AIM OF THE EXERCISE
Your task is to copy the stretch of lines in the records below that begins with the line containing "So there you" and ends with the line containing "Here's the Jensco", exactly as written, with nothing added.

SUPPLIED DATA
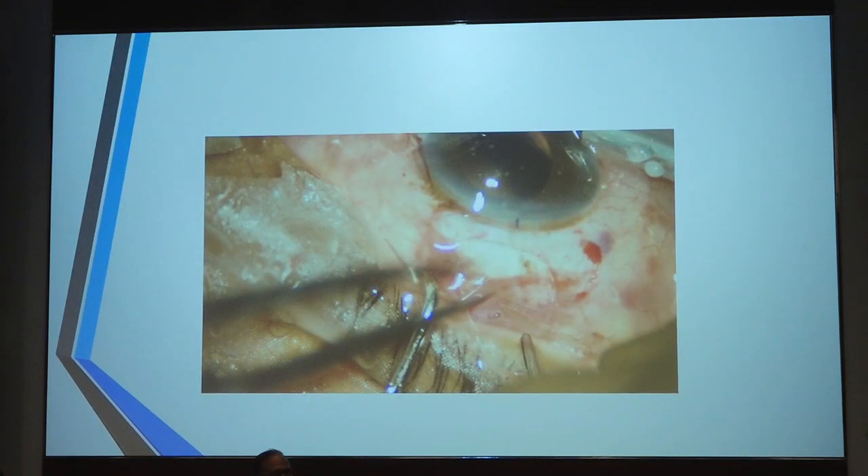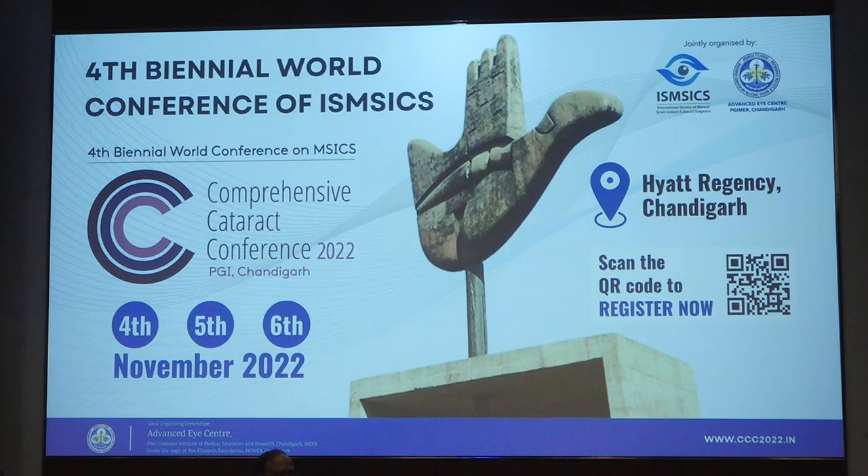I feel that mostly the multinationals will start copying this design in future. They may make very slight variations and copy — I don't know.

---

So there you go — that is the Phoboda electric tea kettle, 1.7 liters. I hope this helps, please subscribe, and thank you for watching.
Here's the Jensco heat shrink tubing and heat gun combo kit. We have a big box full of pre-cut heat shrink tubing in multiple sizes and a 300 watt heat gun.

RESPONSE TO THE TASK
So there you go — that is the Phoboda electric tea kettle, 1.7 liters. I hope this helps, please subscribe, and thank you for watching.
Here's the Jensco heat shrink tubing and heat gun combo kit. We have a big box full of pre-cut heat shrink tubing in multiple sizes and a 300 watt heat gun.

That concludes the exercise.